> _Supplied information_:
....................

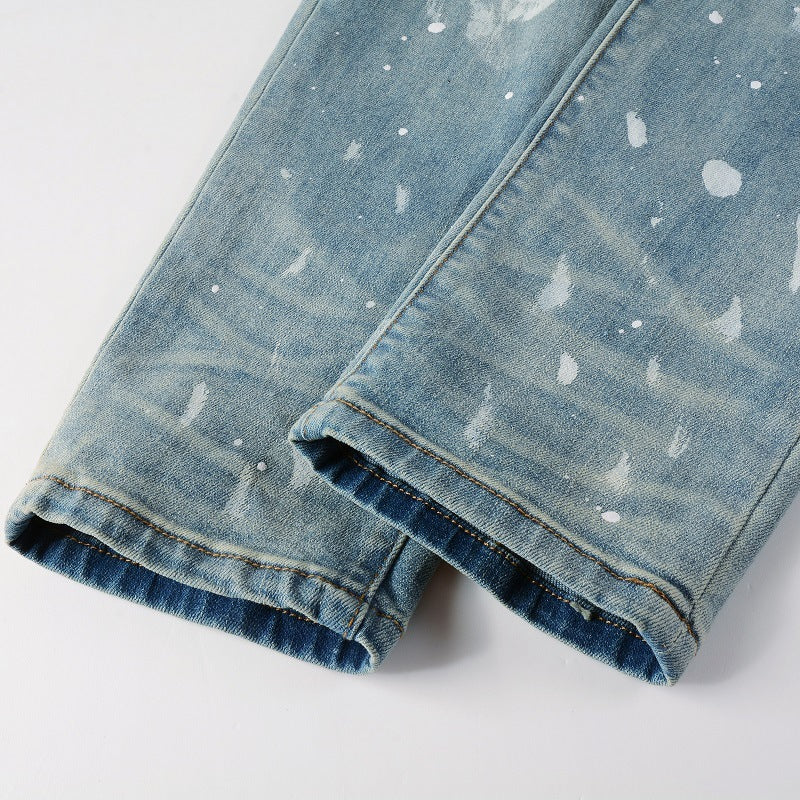 Vintage Paint Broken Holes Pants Men's Jeans GlamzKart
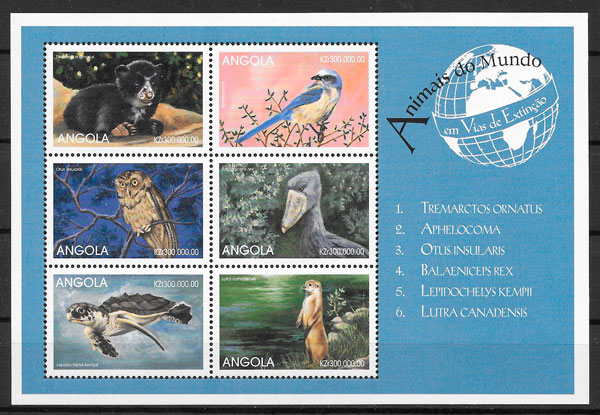 filatelia colección fauna Angola 1999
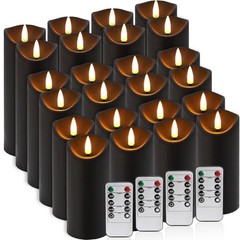 Set of 24 Flickering Black Flameless Candles, Battery Operated LED Red-24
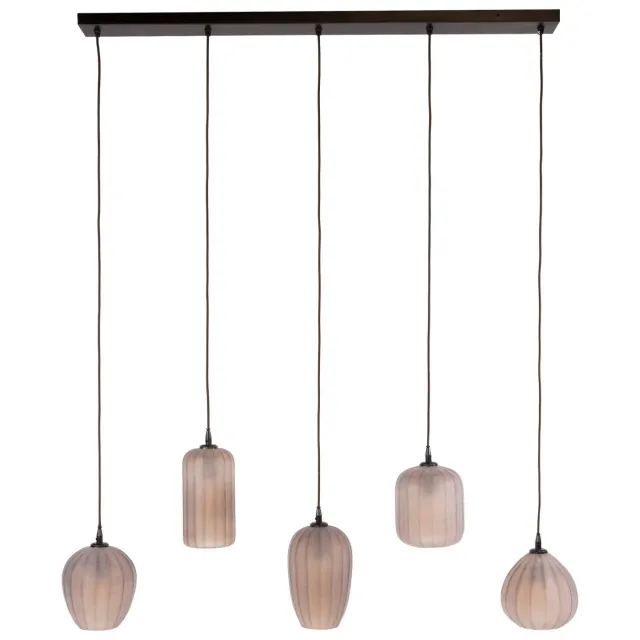 Nest of Nora Hanglamp Talo - 5-lichts - In hoogte verstelbaar - Sienna bruin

....................

> _Activity_:
Your task is to quote exactly the lines from the one with "Set of 24 Flickering" through the end of the material, both included, without reproducing any pictures.

> _Response_:
 Set of 24 Flickering Black Flameless Candles, Battery Operated LED Red-24
 Nest of Nora Hanglamp Talo - 5-lichts - In hoogte verstelbaar - Sienna bruin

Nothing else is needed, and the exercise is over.